La vasculitis, o inflamación de los vasos sanguíneos, puede afectar cualquier parte del cuerpo y potencialmente causar complicaciones mayores de salud. Cuando se trata de capilares cerca de la piel, la enfermedad se presenta como una erupción de aspecto anormal que puede ser dolorosa. Muchos factores diferentes pueden contribuir al desarrollo de una erupción de la vasculitis, incluyendo infecciones bacterianas, desórdenes autoinmunes, y uso de la medicación. El tratamiento depende de la gravedad de la enfermedad y la causa subyacente, pero la mayoría de las erupciones desaparecen en cuestión de semanas sin cuidados especiales. Los medicamentos tópicos y orales son necesarios en algunos casos para aliviar los síntomas incómodos y acortar el tiempo de curación de la erupción.

Una erupción de la vasculitis puede aparecer en cualquier parte del cuerpo, pero se ve más a menudo en las piernas y los tobillos. Puede manifestarse de muchas maneras diferentes. Algunas erupciones aparecen repentinamente y se caracterizan por parches manchados de piel de color rojo oscuro o púrpura. Otros se desarrollan gradualmente en el transcurso de varias semanas y crean ampollas y lesiones quebradizas en la piel. La mayoría de las erupciones de la vasculitis no son picazón, aunque pueden hacer que la piel llegue a ser muy sensible al tacto. Síntomas adicionales de fiebre, fatiga, entumecimiento y dolor en las articulaciones son signos posibles de una complicación de vasculitis en todo el cuerpo que necesita ser abordada inmediatamente en un hospital.

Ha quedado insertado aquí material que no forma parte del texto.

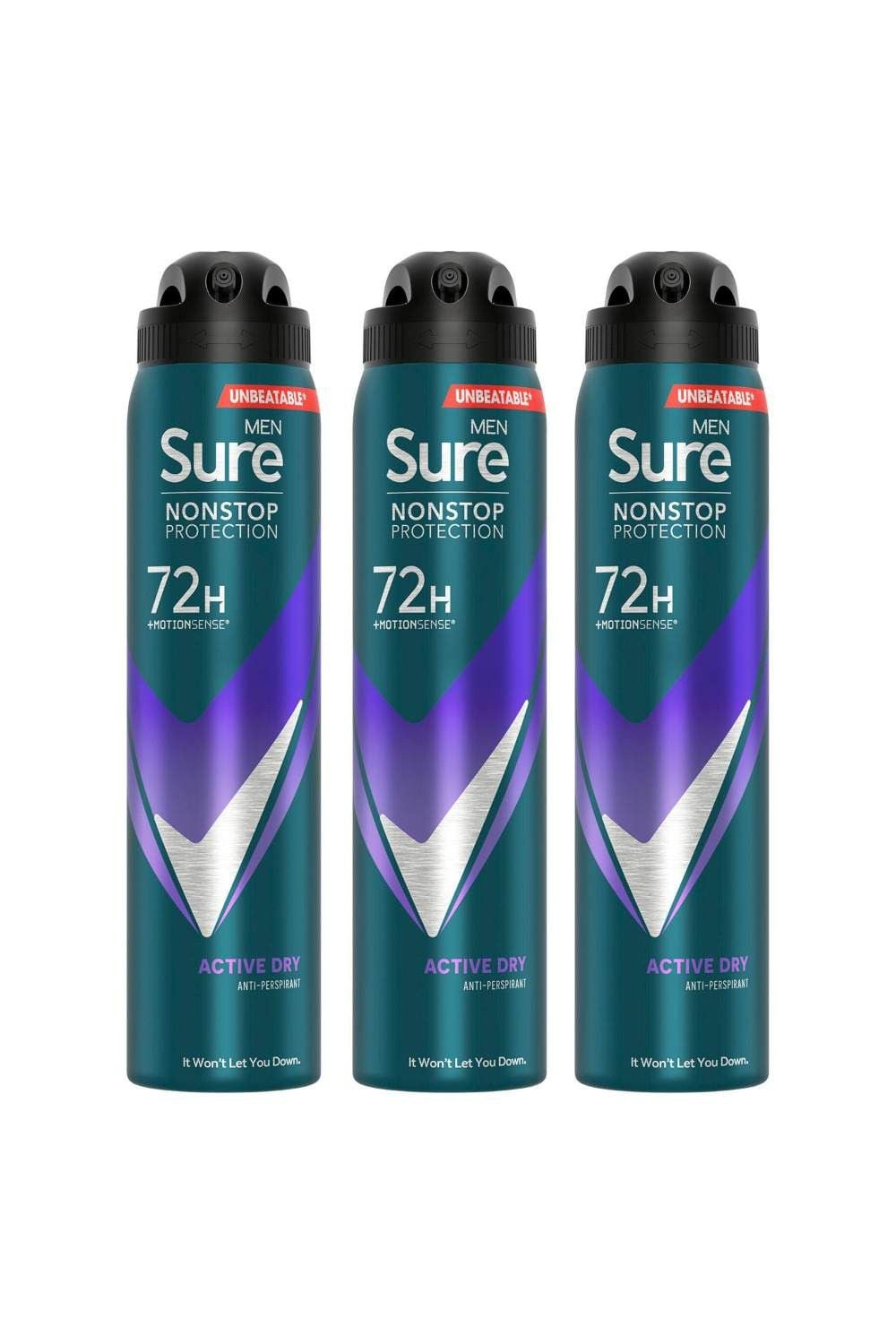 Sure Men 'Antiperspirant' 72H Protection Active Dry Deodorant, 3x250ml image 1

Las causas exactas de la vasculitis no son bien comprendidas, y en muchos casos un factor subyacente no puede ser descubierto. Las bacterias y los virus que penetran la piel pueden dañar los vasos sanguíneos cerca de la superficie. Las reacciones alérgicas a fármacos, alimentos o patógenos ambientales pueden provocar inflamación y debilitamiento de los capilares. Además, ciertas enfermedades autoinmunes, como la artritis reumatoide, ocasionalmente afectan el flujo sanguíneo normal a la piel y causan complicaciones en los vasos sanguíneos.

Un médico generalmente puede diagnosticar una erupción de vasculitis basándose en la apariencia sola. Se realizan análisis de sangre para detectar infecciones, trastornos autoinmunes y otras posibles causas de los síntomas. Es posible que se necesiten análisis adicionales de sangre y de diagnóstico por imágenes si el médico sospecha que la vasculitis puede estar presente en otros órganos del cuerpo. Después de confirmar un diagnóstico, el médico puede explicar la condición en detalle y discutir diferentes opciones de tratamiento.

Una erupción de vasculitis que no parece estar relacionada con una infección u otra causa identificable por lo general se trata de manera conservadora. El médico puede simplemente sugerir reposar y elevar la pierna afectada tanto como sea posible y aplicar un analgésico tópico para aliviar el dolor. La erupción típicamente comienza a resolverse en unas pocas semanas o meses sin causar problemas de salud. Los antibióticos recetados, los fármacos antiinflamatorios o los supresores del sistema inmunológico suelen ser eficaces para aclarar las erupciones que son secundarias a las condiciones subyacentes.